ASSIGNED TASK =
Your answer must be the exact lines from the one with "Bullet LED Turn" to the end of the data, both included, with no pictures.

RECORDED DATA =
-- Opening Marker --

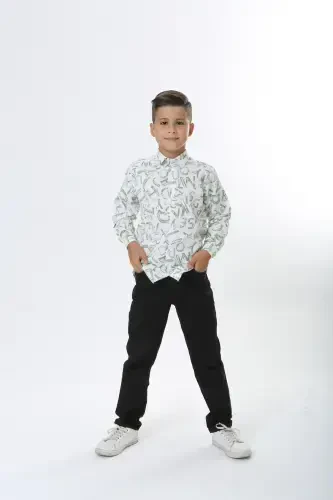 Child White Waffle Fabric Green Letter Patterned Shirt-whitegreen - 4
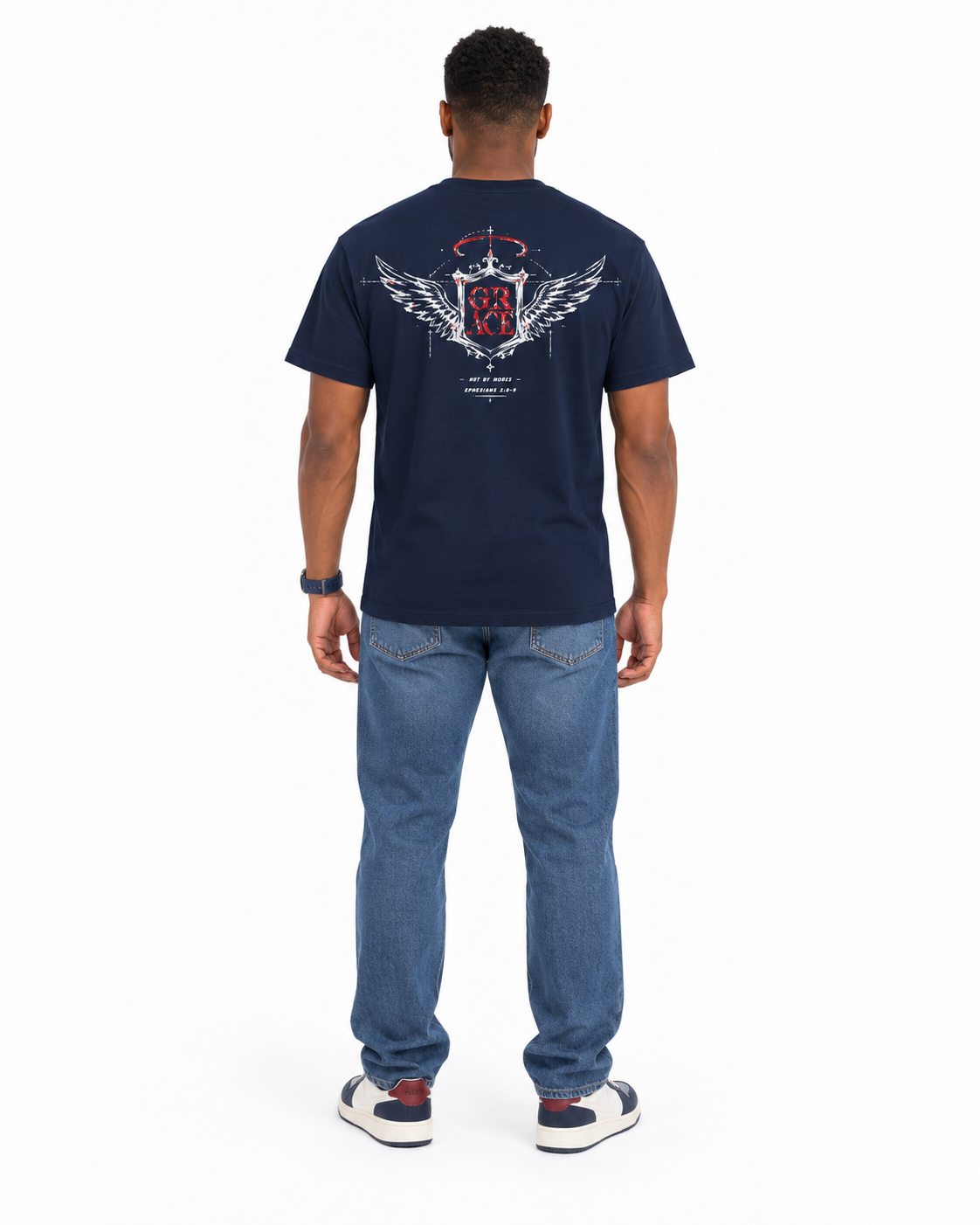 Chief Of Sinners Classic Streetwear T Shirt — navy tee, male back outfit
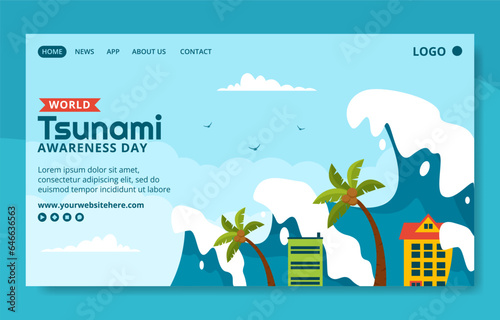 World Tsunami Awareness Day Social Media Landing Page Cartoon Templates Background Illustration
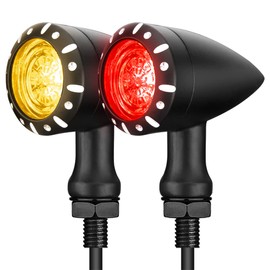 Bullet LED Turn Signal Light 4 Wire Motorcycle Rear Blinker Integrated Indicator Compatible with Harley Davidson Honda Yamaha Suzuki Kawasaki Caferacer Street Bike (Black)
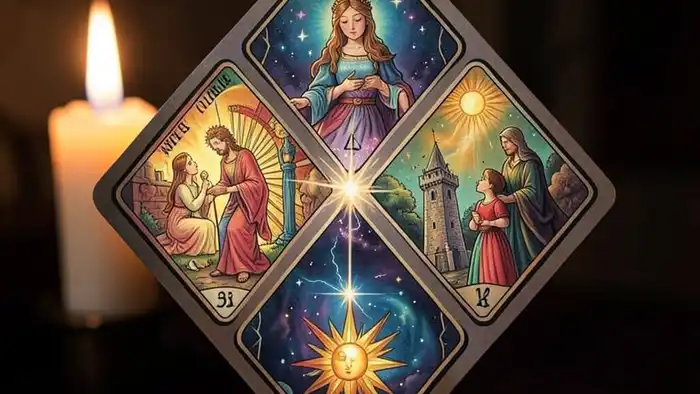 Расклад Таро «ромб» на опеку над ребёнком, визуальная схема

-- Closing Marker --

ANSWER =
 Bullet LED Turn Signal Light 4 Wire Motorcycle Rear Blinker Integrated Indicator Compatible with Harley Davidson Honda Yamaha Suzuki Kawasaki Caferacer Street Bike (Black)
 Расклад Таро «ромб» на опеку над ребёнком, визуальная схема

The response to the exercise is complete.